Long before the world ever heard of Paris and Nicole, there were the real Hilton sisters.
Like the modern-day Hiltons, these sisters were beautiful and -- at times -- fabulously wealthy.
What's more, they were twins -- and joined forever by a bond of flesh.
Daisy and Violet Hilton, conjoined twins born in Brighton, England, in 1908, built glitzy show-biz careers out of their condition.
They appeared on vaudeville circuits all over the United States, including in Buffalo -- a big-time vaudeville town back in the day -- during their heyday as song-and-dance performers in the 1920s through the early 1940s.
And it was Buffalo that embraced the Hiltons right back.
In 1941, a judge in Buffalo allowed the sisters to do something they had long wanted -- get married, with the help of a valid marriage license.
That's right: in a day and age when 30 states had rejected the Hilton's pleas for the right to marry men of their choosing (sound like something ripped from today's headlines?), Buffalo stepped up and allowed them to do it, writes Dean Jensen in his new book, "The Lives and Loves of Daisy and Violet Hilton: A True Story of Conjoined Twins," out on Dec. 1 from Ten Speed Press.
Daisy Hilton applied on Sept. 15, 1941, at Buffalo City Hall for a marriage license to marry a musician, Buddy Sawyer. The sisters were appearing at Brogan's, a nightclub at the corner of Michigan and Seneca streets which no longer exists.
"It was done in a low-key way," said Jensen, a Milwaukee writer and gallery owner who has long been fascinated by circuses and unusual performers. "They made this visit to City Hall, and that judge -- Judge (Christy J.) Buscaglia -- he agreed to carry out their marriage ceremony. They were married in Buffalo, in City Hall."
The marriage didn't last long.
But that Buffalo wedding was one of the few happy moments in the lives of the talented, tragic twins.

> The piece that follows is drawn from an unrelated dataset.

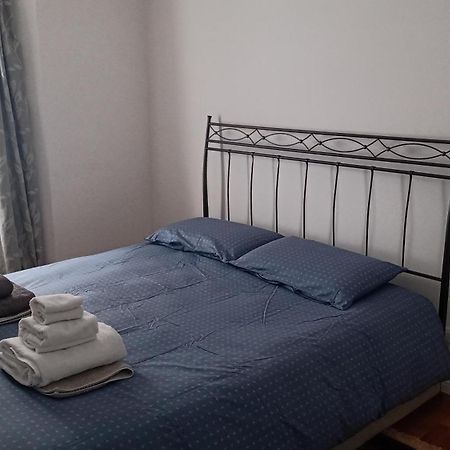 Casa Renova, Intero Appartamento, 2 Camere, Max 4 Ospiti, Trieste Zona Storica Bagian luar foto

The Hiltons -- who lived to be 60 years old before dying, alone and in poverty, in North Carolina in 1968 -- were rejected by their birth mother, a single woman who saw their birth defect as a punishment on her for an illicit relationship. She gave the twins to the midwife who had helped birth them.
That midwife, Mary Hilton, adopted the sisters and turned them into a sideshow attraction, touring them through Europe and then to the United States.
Eventually, the sisters perfected some song-and-dance routines and grew strong enough as an act to break away from their caretakers -- who may have been their exploiters as well, Jensen writes in his book.
They became such big stars on the vaudeville stage -- sharing the bill with George and Gracie Allen, befriending Harry Houdini, dancing with a young Bob Hope -- that they made $4,000 a week while the rest of the country was stuck in the Depression.
In 1932, they co-starred in Tod Browning's film "Freaks," a controversial picture in which a gang of carnival freaks attack a man and woman who had hurt one of their own.
"They were initially exploited as freaks. They appeared in sideshows, ragtag carnival sideshows," said Jensen, whose spent 10 years researching and writing about the Hiltons. "But then they went to Broadway, to New York City, and appeared in vaudeville -- and they were enormous. Just so huge. They were attractive women, and they had great talent. They were very charming, and America just fell in love with them."
"A lot of reviewers at the time said they would have been successful entertainers even if they hadn't been conjoined."
But they were, and that was the way the country saw them. From their earliest years working in "pit shows" with traveling carnivals to their last, sad personal appearances at drive-in movie theaters, the Hilton sisters were billed as "freaks" and "Siamese twins." (It was only in the 1960s and after that the term "conjoined" replaced "Siamese" to describe such twins, Jensen said.)
In the end, they worked a few final years outside of show business, weighing produce at the local supermarket and selling cosmetics door-to-door.
And finally they died. Daisy first, of influenza, in bed in their tiny house in Charlotte, and then Violet some two or three days later. Violet could have called for help after her sister died, Jensen said, but she didn't.
The twins had always had a vow, he said: to be together until the end, no matter what.
"They really didn't share any vital organs," he said. "Today, with these really complicated conjoinings they're able to deal with, I don't think it would be any problem at all to separate the two of them."
"They didn't know anything other than that," said Jensen. "They were born that way. They never knew anything else. Their story is a tragic one -- and at the same time, there's something noble about them. They were trying to overcome this."